Unit costs based on prices and wages prevailing in the spring of 1934 for houses suitable for the localities were obtained for about 300 counties by the Farm Housing Survey, A summary of the figures is as follows:
CELLARS
Costs for ordinary cellars were reported for most sections as varying from 50 cents to $1 per square foot of floor space. The cost per square foot is, of course, less for a large than for a small cellar, other things being equal. Easy excavation and low-cost materials also make for low unit cost. Costs of nearly $2 per square foot were reported in some sections where the ground-water level is high and cellar walls and floor must be carefully waterproofed. In sections where cellars are not ordinarily used the cost of the foundation was reported as part of the cost of the house superstructure.

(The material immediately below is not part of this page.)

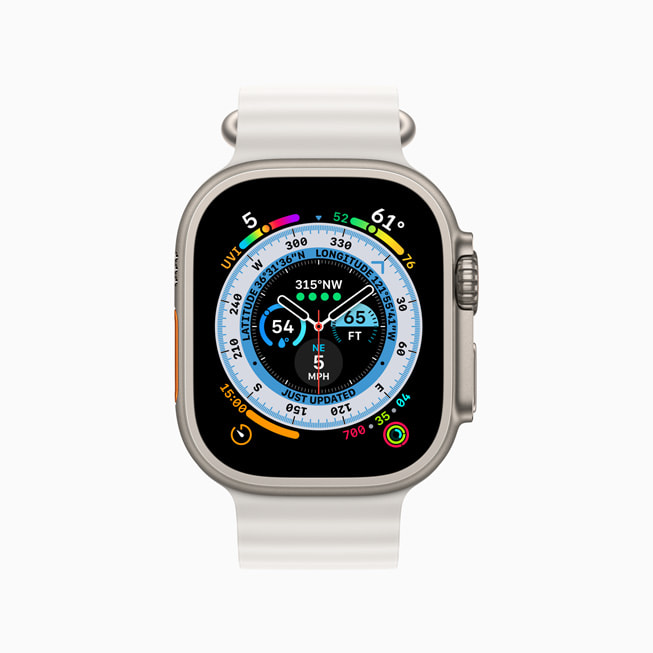 Apple Watch Ultra Yol Rehberi saat kadranında su komplikasyonlarını gösteriyor.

SUPERSTRUCTURES AND PORCHES
Reported costs of one-story frame superstructures, including heating, plumbing, and lighting equipment ordinarily used in the locality, ranged from $1.25 to $2.25 per square foot of floor space in the South, from $2.25 to $3.50 in the West and Southwest, from $2.50 to $4 in the North, and from $3 to $4.50 in New England. Costs in Maryland, Virginia, and West Virginia and in a narrow belt along the east coast, including Florida, were reported from $2 to $3.25, and in the timber-producing sections of the Northwest at about $2 per square foot. Costs in any locality are influenced by local factors, generally being relatively high near cities and in thickly settled sections and relatively low in places where there are local supplies of lumber or other materials.